Chinese characters code representation and display

xiaoxiao2021-03-06  42

First, Chinese characters code

In May 1981, my country's National Standard General Administration issued the "Han Character Coding Character Set" (GB2312-80) (GB2312-80) (GB2312-80), referred to as national standard Chinese characters, also called national code. The national code has received 7,445 standard characters. Among them, 3755 Chinese characters, 3008 Chinese characters, totaling 6763 Chinese characters. Due to the characters of Chinese characters, one byte is not enough to represent all common Chinese characters. At the same time, in order not to confuse with Western ASCII, each Chinese character or symbol of the Chinese character code uses 2 bytes (16-bit binary) code. Western characters are represented by a byte, that is, the ASCII code, usually only 128 characters in seven bits, and use the highest bit as parity (or not).

Introduction to the national standard: In the GB2312-80 code table, longitudinal is divided into 0 ~ 93, a total of 94 lines; the transverse direction is also 0 ~ 93, a total of 94 columns. The rows and columns are represented by b7b6b5b4b3b2b1 seven binary binary code, and the first byte represents the row, the second byte represents the column. Its value is from 0100001 to 1111110 (hexadecimal 21-7e). This is the code range of the printable characters of the ASCII code. The national standard is to write the first byte and the second byte. Since binary is too long, it is generally expressed in hexadecimal.

Location code introduction: In the national standard GB2312-80, the national standard may also represent the form of a zone code in addition to the double seven-bit binary representation.

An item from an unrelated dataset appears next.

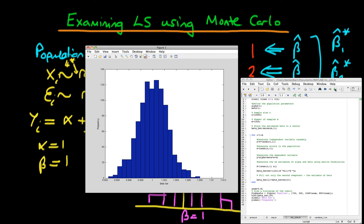Even though this is a qualitative description, we could make our interpretation a lot more quantitative — for instance, asking how fast the width of our histogram decreases as we increase the sample size. But in this video, I wanted to provide an overview of how we can examine least squares estimators using Monte Carlo. We can see that as we increase the sample size, our least squares estimators are becoming more efficient. That hints at the fact that our least squares estimators are themselves consistent, because each of these histograms is centered on the true population parameter, which in this case is 1.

That is, in the national standard code table, the line number is called the area code, and the column number is called the bit number, with 94 districts and 94 bits, respectively. The area code and the bit number are indicated by decimalization, and there is not enough to supplement 0. This allows each Chinese character or symbol to represent 4 bits decimal. The location code can therefore be used for an input code. It is one of the basic coding methods of Chinese characters.

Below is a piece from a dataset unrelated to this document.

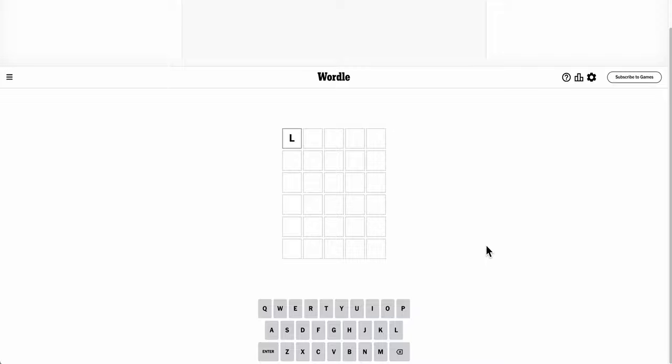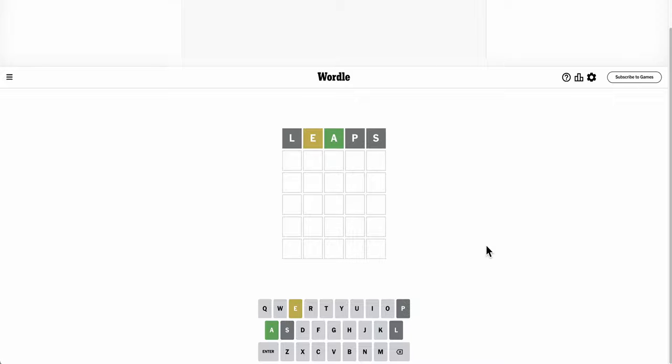Good morning, everyone. Welcome to Wordle. This is Leap Day, and by Leaps and Bounds, I'll honor Leaps as the starting word for February 29th.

Introduction to the Code: Double-byte Chinese characters in the computer use, handle, however, the all bytes of Chinese character encoding will not be confused with the single-byte ASCII code; Therefore, the highest position of the two byte encoding of the Chinese characters is 1, this highest bit of 1 double-byte Chinese character code is the Chinese-oriented interior code of China's commonly used, referred to as internal code, is stored inside the computer, processing The code used by Chinese characters.

The relationship between the internal code, national code, and the location code is:

High byte internal code = high character country code 80H = area code 20h 80H = area code 0a0h = area code 160

Low byte internal code = low word nation specification 80H = bits 20h 80h = bits 0a0h = bits 160

Traditional Chinese characters are still in use in some areas and areas. The country has developed the corresponding traditional Chinese character character set, the national standard code is GB12345-90 "Information exchange Chinese characters encoded character set - auxiliary set", including 717 graphics symbols and 6866 traditional Chinese characters. BIG5 is the Chinese character encoding character set used in computer systems in my country, including 420 graphics symbols and 13070 traditional Chinese characters (without simplicity).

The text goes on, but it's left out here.